The escalation of nodal dose to 56 Gy in our series does not appear to increase either acute or late GU or GI toxicity when compared to preliminary toxicity reporting from a series from the University of Colorado delivering 50.4 Gy to the nodal basin concurrently with 70 Gy to the prostate in 28 fractions (33
). Interestingly, the median volume of small bowel receiving ≥ 45 Gy in our study was only 116.9 cc, below the recommended limit of 195 cc from the recent QUANTEC (Quantitative Analyses of Normal Tissue Effects in the Clinic) series when the entire peritoneal potential space of bowel is included (34
). Thirteen patients in our series marginally exceed the 195 cc limit (maximum 549cc), but only 2 of these 13 developed grade 2 acute GI toxicities, neither of whom subsequently experienced scorable late GI toxicity. As indicated earlier, none of the dose-volume descriptors correlated with early GU toxicity, and only the volume of bowel receiving ≥ 30 Gy correlated with early GI toxicity (p=0.029).
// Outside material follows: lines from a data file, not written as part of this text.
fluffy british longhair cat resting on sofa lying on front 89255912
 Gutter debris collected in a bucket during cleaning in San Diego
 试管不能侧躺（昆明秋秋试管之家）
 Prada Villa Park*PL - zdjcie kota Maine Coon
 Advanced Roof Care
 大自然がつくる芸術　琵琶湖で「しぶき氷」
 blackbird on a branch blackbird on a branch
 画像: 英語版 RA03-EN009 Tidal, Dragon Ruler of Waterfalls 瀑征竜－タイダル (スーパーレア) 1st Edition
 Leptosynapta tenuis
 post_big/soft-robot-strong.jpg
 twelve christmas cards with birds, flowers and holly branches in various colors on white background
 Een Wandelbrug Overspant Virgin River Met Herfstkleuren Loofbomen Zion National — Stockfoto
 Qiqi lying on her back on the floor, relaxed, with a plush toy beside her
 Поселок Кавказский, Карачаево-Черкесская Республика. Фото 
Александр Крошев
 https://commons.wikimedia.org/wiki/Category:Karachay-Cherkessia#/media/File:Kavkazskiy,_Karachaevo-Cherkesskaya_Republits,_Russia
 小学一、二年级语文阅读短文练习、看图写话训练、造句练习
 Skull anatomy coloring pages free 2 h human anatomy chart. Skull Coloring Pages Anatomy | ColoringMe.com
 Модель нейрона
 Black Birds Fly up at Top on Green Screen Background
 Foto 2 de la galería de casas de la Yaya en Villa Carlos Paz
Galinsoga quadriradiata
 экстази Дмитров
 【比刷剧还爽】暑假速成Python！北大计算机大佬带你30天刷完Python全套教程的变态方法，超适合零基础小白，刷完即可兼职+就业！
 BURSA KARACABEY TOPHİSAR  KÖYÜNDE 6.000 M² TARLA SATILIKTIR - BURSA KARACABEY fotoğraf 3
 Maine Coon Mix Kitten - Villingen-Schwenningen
Potential differences in patient characteristics and the preliminary nature of the biochemical control estimates of our study preclude detailed comparisons between these results and those of other studies that involved high risk patients treated with androgen deprivation and pelvic radiotherapy. However, with a median of 12 months of androgen deprivation therapy, this study’s estimated 3 year biochemical disease free survival of 81.2% ± 6.6%, does appear consistent with the RTOG 9413 reported 4-year biochemical control rate of 70% with 4 months of neoadjuvant/concurrent androgen deprivation (2
). and with the RTOG 9202 reported 5-year biochemical control rate of 66.6% with 28 months total androgen deprivation (38
The hypofractionated regimen of 70 Gy in 28 fractions of 2.5 Gy delivered to the prostate in this present trial is familiar and potentially attractive. This is both because prostate hypofractionated radiotherapy has been hypothesized to enjoy a radiobiological advantage over conventional fractionation (8
), and because it is the fractionation regimen used both by Cleveland Clinic’s well tolerated and effective study of prostate only radiotherapy in 770 patients (39
) and by the experimental arm of ongoing RTOG trial 0415.